Material for this exercise:
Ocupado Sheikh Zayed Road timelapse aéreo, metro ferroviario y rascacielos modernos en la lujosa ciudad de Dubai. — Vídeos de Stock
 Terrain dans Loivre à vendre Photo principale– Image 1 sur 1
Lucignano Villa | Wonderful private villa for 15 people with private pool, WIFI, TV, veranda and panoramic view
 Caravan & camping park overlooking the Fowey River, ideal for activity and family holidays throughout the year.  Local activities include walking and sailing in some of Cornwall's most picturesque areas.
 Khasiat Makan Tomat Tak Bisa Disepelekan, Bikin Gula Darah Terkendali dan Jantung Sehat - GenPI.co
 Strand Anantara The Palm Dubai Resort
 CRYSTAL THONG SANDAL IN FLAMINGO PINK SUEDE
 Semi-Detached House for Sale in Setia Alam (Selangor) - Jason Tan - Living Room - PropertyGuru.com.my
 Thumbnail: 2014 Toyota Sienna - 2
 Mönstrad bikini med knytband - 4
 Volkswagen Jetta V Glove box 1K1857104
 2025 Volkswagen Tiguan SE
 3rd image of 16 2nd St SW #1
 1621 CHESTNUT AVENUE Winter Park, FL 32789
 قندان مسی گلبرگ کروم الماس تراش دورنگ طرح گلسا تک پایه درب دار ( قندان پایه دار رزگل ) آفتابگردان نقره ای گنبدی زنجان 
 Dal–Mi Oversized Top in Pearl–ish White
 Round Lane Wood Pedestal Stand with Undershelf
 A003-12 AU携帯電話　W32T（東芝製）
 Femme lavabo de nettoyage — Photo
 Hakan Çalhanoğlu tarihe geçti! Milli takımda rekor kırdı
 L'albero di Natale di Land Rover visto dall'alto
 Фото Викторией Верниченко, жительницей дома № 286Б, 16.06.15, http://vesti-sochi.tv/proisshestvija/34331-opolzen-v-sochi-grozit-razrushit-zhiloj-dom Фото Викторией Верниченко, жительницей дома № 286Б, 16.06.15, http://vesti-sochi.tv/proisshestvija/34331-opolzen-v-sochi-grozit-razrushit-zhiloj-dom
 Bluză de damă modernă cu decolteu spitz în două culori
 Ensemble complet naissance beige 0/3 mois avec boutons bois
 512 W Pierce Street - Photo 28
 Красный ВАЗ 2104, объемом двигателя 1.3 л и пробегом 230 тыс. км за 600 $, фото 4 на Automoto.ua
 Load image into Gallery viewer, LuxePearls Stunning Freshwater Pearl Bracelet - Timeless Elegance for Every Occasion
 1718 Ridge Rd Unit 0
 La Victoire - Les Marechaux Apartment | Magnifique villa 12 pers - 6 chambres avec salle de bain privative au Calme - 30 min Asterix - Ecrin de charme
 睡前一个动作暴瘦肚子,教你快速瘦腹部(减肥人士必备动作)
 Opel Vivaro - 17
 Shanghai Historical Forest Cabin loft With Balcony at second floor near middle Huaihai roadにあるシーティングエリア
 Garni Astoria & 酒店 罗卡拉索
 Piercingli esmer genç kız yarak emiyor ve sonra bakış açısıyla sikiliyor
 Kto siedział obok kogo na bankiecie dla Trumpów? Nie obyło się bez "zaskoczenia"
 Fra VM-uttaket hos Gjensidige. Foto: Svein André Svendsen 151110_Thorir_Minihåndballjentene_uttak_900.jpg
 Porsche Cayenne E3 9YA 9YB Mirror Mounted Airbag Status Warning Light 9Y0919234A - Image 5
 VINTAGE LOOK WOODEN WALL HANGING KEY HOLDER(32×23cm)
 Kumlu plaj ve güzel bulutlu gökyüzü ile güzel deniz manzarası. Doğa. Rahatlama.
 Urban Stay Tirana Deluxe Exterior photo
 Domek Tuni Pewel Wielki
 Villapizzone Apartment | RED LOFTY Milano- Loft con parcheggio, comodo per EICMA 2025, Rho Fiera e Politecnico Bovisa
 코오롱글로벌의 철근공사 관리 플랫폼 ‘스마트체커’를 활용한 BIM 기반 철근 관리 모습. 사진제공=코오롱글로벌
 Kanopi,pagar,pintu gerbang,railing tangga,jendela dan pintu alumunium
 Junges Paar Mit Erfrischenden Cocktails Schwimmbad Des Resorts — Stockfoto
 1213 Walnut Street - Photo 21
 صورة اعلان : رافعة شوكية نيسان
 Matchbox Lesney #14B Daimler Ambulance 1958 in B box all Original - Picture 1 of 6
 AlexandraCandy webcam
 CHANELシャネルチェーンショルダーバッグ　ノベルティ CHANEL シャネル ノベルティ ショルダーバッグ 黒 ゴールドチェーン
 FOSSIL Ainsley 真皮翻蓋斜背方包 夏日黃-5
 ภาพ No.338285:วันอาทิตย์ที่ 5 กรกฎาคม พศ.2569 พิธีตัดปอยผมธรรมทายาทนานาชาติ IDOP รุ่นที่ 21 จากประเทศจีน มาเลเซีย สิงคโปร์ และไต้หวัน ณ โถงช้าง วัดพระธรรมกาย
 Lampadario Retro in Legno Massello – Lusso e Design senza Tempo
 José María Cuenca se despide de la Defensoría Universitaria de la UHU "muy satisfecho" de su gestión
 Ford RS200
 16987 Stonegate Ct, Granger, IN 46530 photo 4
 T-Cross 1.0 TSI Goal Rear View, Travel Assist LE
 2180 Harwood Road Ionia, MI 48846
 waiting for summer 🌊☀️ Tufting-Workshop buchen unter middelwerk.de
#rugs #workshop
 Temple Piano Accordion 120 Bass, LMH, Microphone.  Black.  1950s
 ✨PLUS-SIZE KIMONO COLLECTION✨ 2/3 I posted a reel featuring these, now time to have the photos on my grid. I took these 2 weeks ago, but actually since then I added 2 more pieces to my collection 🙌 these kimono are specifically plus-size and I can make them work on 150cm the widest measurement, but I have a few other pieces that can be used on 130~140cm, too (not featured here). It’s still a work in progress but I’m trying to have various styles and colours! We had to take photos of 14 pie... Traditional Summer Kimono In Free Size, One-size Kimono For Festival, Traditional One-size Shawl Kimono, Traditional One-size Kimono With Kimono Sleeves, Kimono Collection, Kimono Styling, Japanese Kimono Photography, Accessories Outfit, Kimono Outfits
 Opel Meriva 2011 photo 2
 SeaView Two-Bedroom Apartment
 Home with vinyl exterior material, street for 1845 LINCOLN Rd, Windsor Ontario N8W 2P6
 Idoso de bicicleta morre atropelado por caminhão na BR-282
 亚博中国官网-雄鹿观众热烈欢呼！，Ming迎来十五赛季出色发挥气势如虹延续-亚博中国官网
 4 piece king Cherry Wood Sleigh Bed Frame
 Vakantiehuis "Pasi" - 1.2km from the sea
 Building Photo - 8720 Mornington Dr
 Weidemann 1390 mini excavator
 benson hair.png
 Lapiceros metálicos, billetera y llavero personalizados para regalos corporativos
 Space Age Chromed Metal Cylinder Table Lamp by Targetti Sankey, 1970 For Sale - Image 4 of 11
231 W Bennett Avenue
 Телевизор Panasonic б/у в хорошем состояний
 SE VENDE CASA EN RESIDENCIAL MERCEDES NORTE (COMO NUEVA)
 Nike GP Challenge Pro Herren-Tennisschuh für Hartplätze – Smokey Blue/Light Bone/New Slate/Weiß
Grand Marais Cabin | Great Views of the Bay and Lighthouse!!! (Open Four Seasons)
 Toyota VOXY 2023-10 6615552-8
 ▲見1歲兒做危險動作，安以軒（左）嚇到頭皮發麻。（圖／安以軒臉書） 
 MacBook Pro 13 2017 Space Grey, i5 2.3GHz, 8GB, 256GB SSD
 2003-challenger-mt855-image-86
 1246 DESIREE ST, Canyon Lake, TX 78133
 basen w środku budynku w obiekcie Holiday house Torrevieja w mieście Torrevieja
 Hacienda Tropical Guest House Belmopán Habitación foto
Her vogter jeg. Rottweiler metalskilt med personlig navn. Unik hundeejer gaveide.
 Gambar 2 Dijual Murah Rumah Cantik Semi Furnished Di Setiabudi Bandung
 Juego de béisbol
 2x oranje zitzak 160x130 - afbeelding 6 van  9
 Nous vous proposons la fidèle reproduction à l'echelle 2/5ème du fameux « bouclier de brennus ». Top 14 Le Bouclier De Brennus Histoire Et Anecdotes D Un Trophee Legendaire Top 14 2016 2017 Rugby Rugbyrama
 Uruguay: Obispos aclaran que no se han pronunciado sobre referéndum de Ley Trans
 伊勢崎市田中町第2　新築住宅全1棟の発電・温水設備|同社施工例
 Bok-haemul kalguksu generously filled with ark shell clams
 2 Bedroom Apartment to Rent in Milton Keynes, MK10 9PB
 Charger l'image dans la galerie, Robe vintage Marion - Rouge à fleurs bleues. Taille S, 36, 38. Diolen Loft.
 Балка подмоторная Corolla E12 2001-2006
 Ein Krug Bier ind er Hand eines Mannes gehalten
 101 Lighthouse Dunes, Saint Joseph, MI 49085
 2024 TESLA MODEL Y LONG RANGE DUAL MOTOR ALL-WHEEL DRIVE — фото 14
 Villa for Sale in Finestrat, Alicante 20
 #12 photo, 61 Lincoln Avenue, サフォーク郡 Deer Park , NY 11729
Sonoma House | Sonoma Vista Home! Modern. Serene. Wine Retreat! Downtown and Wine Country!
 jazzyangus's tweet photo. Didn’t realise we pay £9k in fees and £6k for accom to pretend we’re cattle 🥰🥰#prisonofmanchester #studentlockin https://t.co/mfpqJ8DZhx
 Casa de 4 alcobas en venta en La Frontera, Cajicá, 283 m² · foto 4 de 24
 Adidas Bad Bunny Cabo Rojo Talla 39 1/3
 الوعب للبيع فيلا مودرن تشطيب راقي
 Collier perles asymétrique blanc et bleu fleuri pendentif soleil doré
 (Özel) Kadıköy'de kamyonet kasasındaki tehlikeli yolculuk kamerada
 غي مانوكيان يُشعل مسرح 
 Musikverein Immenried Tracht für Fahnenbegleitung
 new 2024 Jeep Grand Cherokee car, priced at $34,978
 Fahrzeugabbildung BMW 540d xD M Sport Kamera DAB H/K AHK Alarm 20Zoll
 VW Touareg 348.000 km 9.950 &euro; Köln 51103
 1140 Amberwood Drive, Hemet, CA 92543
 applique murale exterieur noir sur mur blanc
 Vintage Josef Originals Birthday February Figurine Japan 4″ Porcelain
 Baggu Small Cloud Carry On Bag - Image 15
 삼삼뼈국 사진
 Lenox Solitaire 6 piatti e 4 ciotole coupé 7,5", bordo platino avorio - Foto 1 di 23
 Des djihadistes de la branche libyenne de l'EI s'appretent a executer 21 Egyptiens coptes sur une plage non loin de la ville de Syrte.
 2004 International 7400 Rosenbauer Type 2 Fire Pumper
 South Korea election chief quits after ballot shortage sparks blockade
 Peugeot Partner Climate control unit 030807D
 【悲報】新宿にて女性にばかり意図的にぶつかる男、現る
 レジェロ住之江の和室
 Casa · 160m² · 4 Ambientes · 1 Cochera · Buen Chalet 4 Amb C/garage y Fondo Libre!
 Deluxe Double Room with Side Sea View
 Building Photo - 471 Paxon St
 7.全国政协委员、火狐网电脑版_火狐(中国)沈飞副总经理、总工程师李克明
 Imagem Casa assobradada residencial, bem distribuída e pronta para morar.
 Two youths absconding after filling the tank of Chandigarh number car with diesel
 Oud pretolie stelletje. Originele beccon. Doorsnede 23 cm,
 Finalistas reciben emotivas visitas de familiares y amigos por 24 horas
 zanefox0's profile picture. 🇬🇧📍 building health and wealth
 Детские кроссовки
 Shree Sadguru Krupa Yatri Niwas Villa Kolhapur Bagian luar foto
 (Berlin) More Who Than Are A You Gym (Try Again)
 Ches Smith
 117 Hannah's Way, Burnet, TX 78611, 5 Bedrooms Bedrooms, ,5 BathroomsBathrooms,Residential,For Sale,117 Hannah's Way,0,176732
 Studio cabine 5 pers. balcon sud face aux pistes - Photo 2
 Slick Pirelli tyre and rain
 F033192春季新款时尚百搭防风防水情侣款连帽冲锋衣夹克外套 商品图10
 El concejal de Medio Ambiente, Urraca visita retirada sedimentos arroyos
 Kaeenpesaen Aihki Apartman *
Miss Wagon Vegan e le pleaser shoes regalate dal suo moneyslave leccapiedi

Activity: The answer must consist of every line from the listing above that includes the word "Semi".

Task result:
 Semi-Detached House for Sale in Setia Alam (Selangor) - Jason Tan - Living Room - PropertyGuru.com.my
 Gambar 2 Dijual Murah Rumah Cantik Semi Furnished Di Setiabudi Bandung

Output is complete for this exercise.